Damit es nicht soweit kommt, soll derselbe Titel weiterhin überall dasselbe kosten. Das hat vor ziemlich genau 110 Jahren der Buchhändler und erster Vorsteher des 1825 gegründeten Börsenvereins Adolf Kröner ebenfalls gefordert. Auf ihn geht die Buchpreisbindung zurück. Bevor sich 1887 die "Krönersche Reform" durchsetzte, gab es keine Regularien auf dem Buchmarkt, Mitte des 19. Jahrhunderts wurde derVerdrängungswettbewerber schärfer. Nach der Einführung des Buchdrucks verkauften die Drucker ihre Bücher direkt an die Kunden. Erst nach und nach entwickelte sich die Zunft der "Buchführer", aus denen der heutige Sortimentsbuchhandel hervorging.

Das Äquivalent zu den damaligen Fernschleuderern, Versandbuchhandlungen, die ihre Ware zu niedrigen Preisen anbieten konnten, sind die heutigen Buchabteilungen in den beiden Kaufhausketten Kaufhof/Horten und Karstadt/Hertie sowie die Bücher-Supermärkte von Hugendubel/Weltbild plus, Phönix-Montanus und Thalia mit insgesamt 573 Verkaufsstellen. Die eigentliche "Kärrnerarbeit" - also Dienst am Kunden - wird allerdings in den gut 4 500 kleinen und mittleren Buchhandlungen geleistet.Dabei teilen sich die "big five" des deutschen Buchhandels 58 Prozent des Gesamtumsatzes von rund 17,2 Milliarden Mark. Der Rest entfällt auf die gut 4 500 Buchhandlungen, die ein selektives Sortiment führen.

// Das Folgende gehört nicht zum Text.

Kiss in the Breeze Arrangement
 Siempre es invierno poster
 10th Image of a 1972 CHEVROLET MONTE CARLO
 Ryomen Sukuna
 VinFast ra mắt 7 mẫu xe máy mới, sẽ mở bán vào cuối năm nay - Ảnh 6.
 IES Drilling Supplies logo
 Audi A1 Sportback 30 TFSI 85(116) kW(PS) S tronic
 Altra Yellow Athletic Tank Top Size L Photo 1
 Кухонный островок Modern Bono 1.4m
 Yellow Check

Letzte Woche sah sich Helmut Markwort genötigt, an die Leser zu denken, und ließ im Focus verkünden, die Branche befürchte die "Vertreibung aus dem Paradies". Durch die Preisgestaltung "nach Gutsherrenart" würden selbst solche Betriebe über die Runden kommen, die kaum Gewinn abwerfen. "Unfug", sagt Cornelia, Buchhandlungen im Familien- oder Kollektivbesitz müssen nur soviel abwerfen, damit die Beschäftigten ein vernünftiges Einkommen haben und der Laden aufrecht erhalten werden kann. Auf aggressive Preispolitik sind die auf Wachstum orientierten Ketten aus. Der Münchner Buchhändler Heinrich Hugendubel beispielsweise will bis zum Jahr 2000 seinen Umsatz auf 400 Millionen Mark steigern, für 1997 rechnet er mit 250 Millionen Mark. Nun hat er sich mit der Weltbild-Gruppe, dem Verlag der deutschen Bischöfe, zusammengetan und will bis Ende nächsten Jahres 60 "Weltbild plus"-Läden eröffnen.

Neu ins Buchgeschäft will der schwäbische Putzkolonnen-Unternehmer Peter Dussmann. Mit seinem Gebäude-Servicbetrieb Pedus hat er erst Krankenhäuser gereinigt, sie dann mit Essen beliefert. Nun treibt es den gelernten Buchhändler "back to the roots"; an der Berliner Friedrichstraße eröffnet er demnächst auf 5 000 Quadratmetern sein "KulturKaufhaus". Falls er die Genehmigung des Berliner Senat bekommt, soll es bis 24 Uhr geöffnet sein. Hugendubel hat vor kurzem ein 4 500 Quadratmeter großen Laden in Berlin eröffnet, Thalia gleich drei.